Records supplied Start Marker

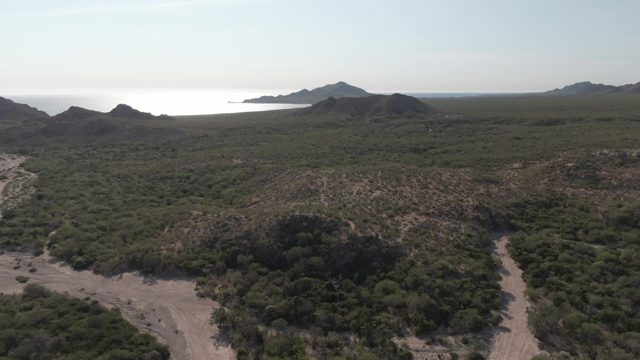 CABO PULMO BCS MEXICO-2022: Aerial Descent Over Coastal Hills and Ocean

Records supplied End Marker
Records supplied Start Marker

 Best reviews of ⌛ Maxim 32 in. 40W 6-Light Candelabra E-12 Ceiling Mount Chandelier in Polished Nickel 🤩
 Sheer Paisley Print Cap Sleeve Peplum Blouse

Records supplied End Marker
Records supplied Start Marker

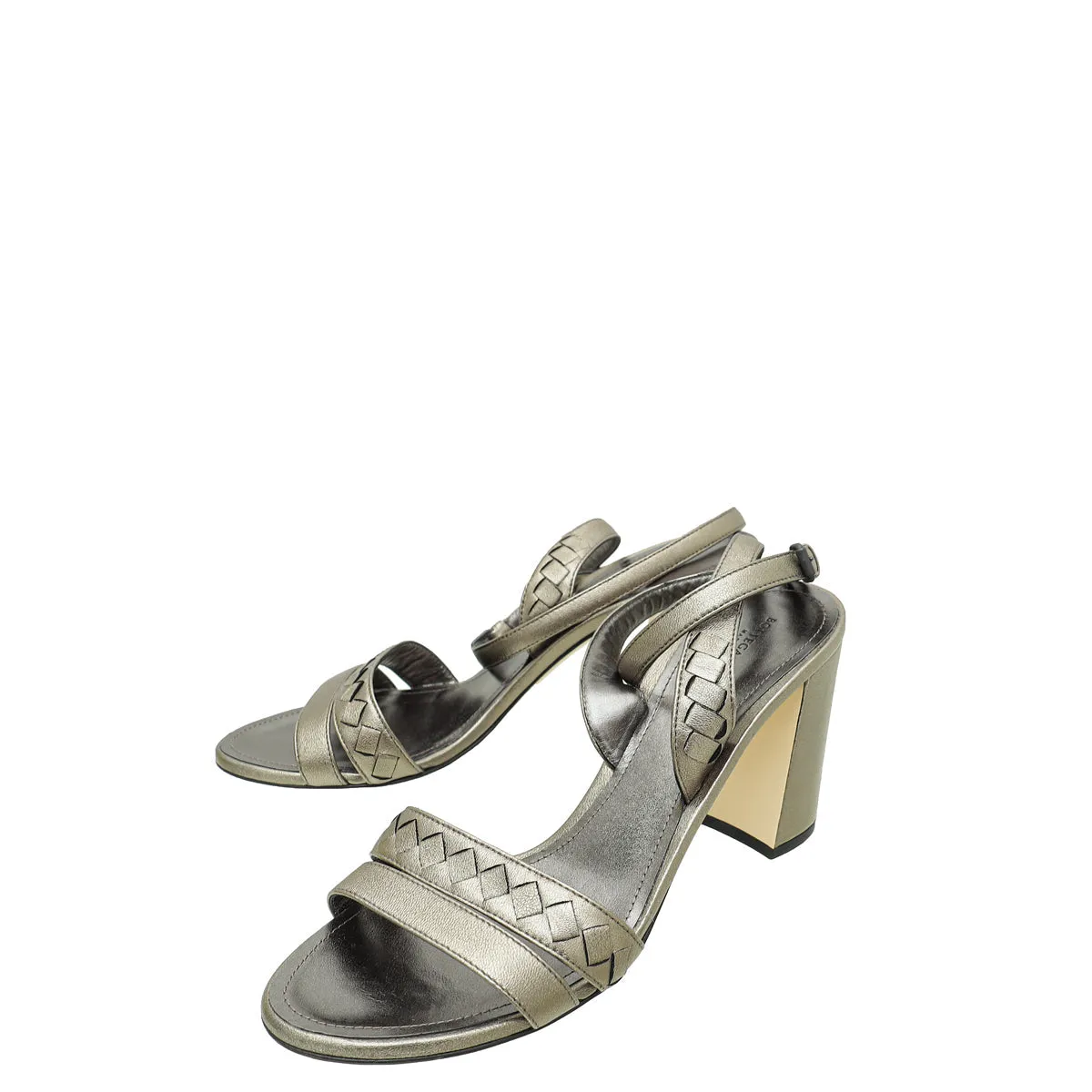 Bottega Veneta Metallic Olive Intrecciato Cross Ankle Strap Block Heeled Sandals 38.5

Records supplied End Marker

[Work task]
Exactly the lines above from the one with "Best reviews of" to the one with "Sheer Paisley Print Cap Sleeve Peplum Blouse", both included, are to be quoted; leave the rest out.

[Response to the task]
 Best reviews of ⌛ Maxim 32 in. 40W 6-Light Candelabra E-12 Ceiling Mount Chandelier in Polished Nickel 🤩
 Sheer Paisley Print Cap Sleeve Peplum Blouse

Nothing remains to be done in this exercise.